| Your task |
The material below contains a line with "Imagem de TINTEIRO" and a line with "已有不少知名企业采用Google Bard。Google". Copy exactly those two lines and all lines between them.

| Listed records |
+++++

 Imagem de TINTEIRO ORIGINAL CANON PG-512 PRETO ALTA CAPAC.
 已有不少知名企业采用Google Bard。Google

+++++

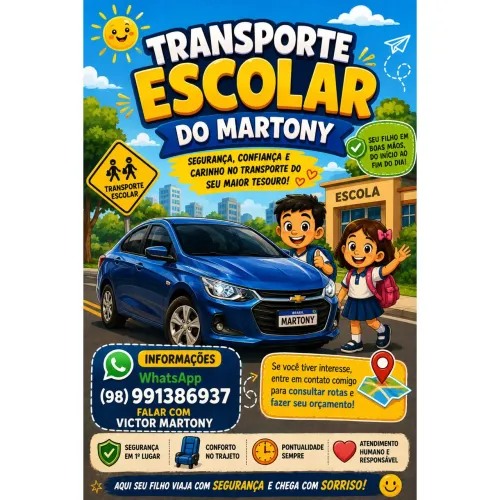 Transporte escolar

+++++

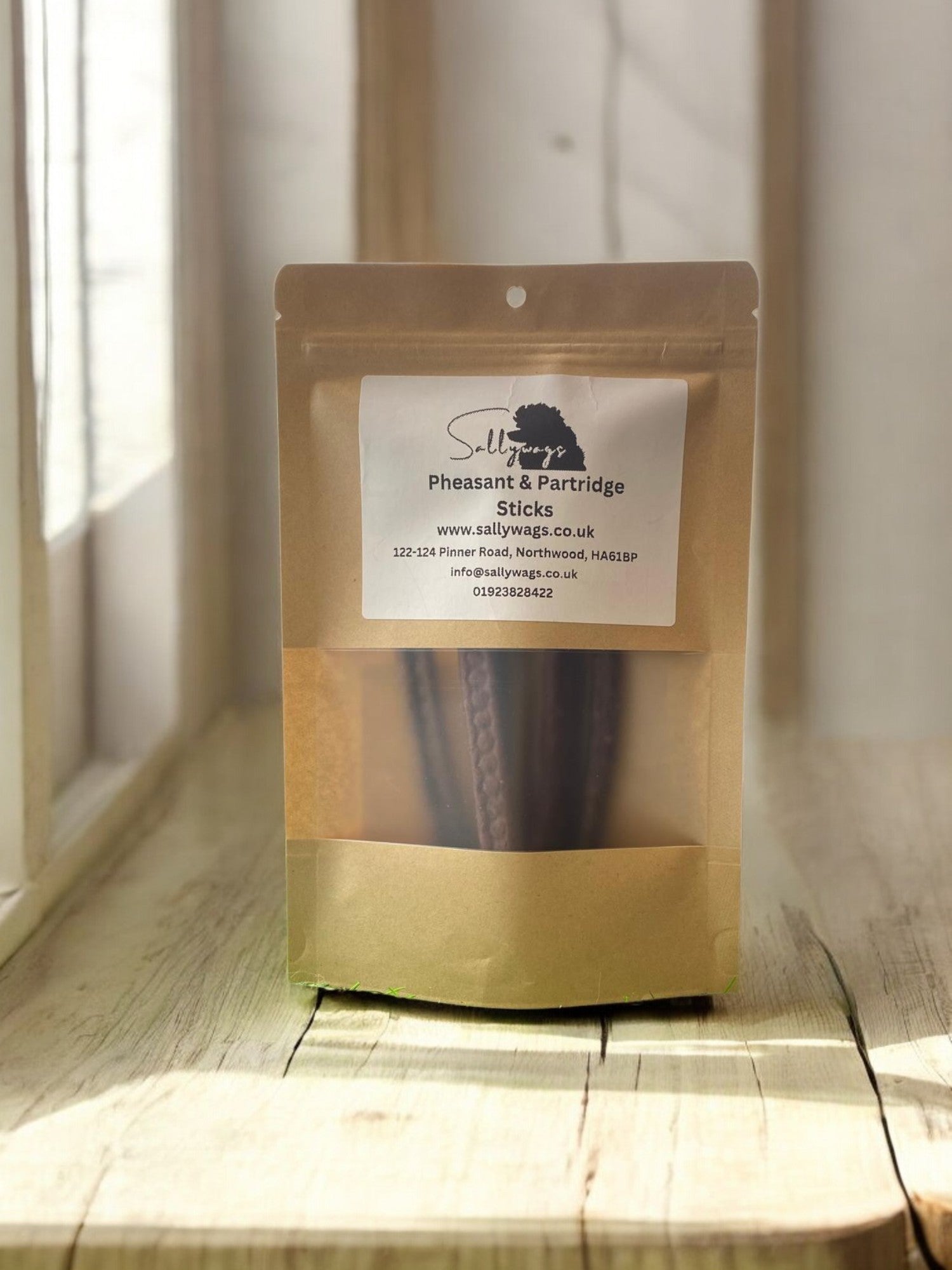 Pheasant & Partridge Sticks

+++++

| Reply |
 Imagem de TINTEIRO ORIGINAL CANON PG-512 PRETO ALTA CAPAC.
 已有不少知名企业采用Google Bard。Google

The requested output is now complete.